Telemetry is a data collection framework that collects real world data from Firefox. Recently Telemetry experienced some issues resulting in incomplete data being reported on the Telemetry Dashboard and Telemetry Evolution.
Before I get into the details about the data issues, I think a little background is in order for those who don’t have it.
Telemetry sends a daily ping with the information collected by the Telemetry probes. This data is aggregated and presented in the Telemetry Dashboard and Telemetry Evolution (http://mzl.la/telemetrydash). The Telemetry data is stored in three separate data repositories:
1. daily ping (raw) data is stored in hbase
2. aggregated data for use in the Telemetry Dashboard is stored in elastic search
3. trend data for use in Telemetry Evolution is stored in a relational database
A job is run to aggregate the raw data (1) into the data for the Telemetry Dashboard (2). A second job is then run to create trend data from the aggregate data (2) for Telemetry Evolution (3).
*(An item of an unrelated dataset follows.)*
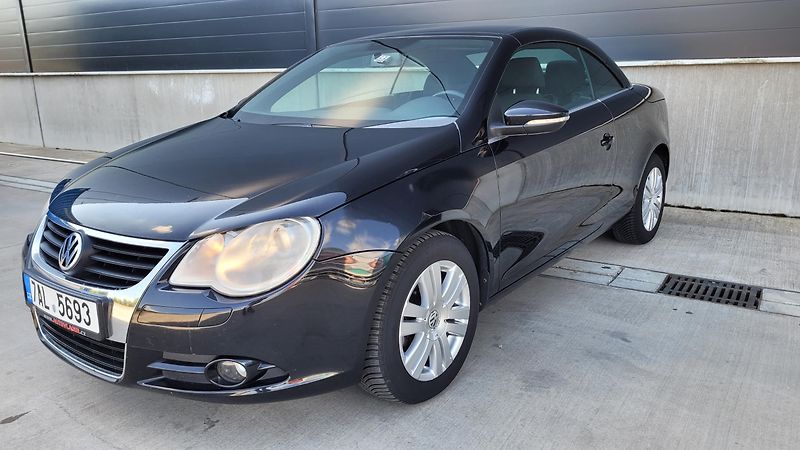 Volkswagen EOS (2010) 1,4 TSI 90KW - fotka 3 z 21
Several weeks ago cww discovered that the Telemetry dashboard was not displaying the volume of data that is expected from the Nightly channel. The source of the problem was determined to be an issue with the newly landed persistent Telemetry feature that caused the Telemetry ping to fail. However, once this change was backed out a second issue was discovered with the data job that processes the raw data from the daily Telemetry ping (in hbase) and aggregates it into a form that can be consumed by the Telemetry Dashboard (elastic search). As the trend data for Telemetry Evolution is generated from the elastic search data it was also affected.
The status and summary of these two issues is:
1. The persistent Telemetry issue has been resolved but has resulted in a gap in Nightly Telemetry data submissions from Mar 1-17, 2012.
2. As the issue with the data job was with the job that aggregates the raw data into elastic search there was no issue with data loss of any of the raw data. The job has been corrected and Telemetry data is now available from Jan 1, 2012, onwards. The metrics team is running the jobs to repopulate the trend data from prior to Jan 1, and expect the full data set to be back online shortly. (Bug 731662.)
Our next steps are to put data validation processes in place to catch data issues early. Discussion is taking place in bug 742883, bug 742897, and bug 742903. These issues also surfaced a need to discuss the Telemetry data retention policy, which is being done in bug 742496.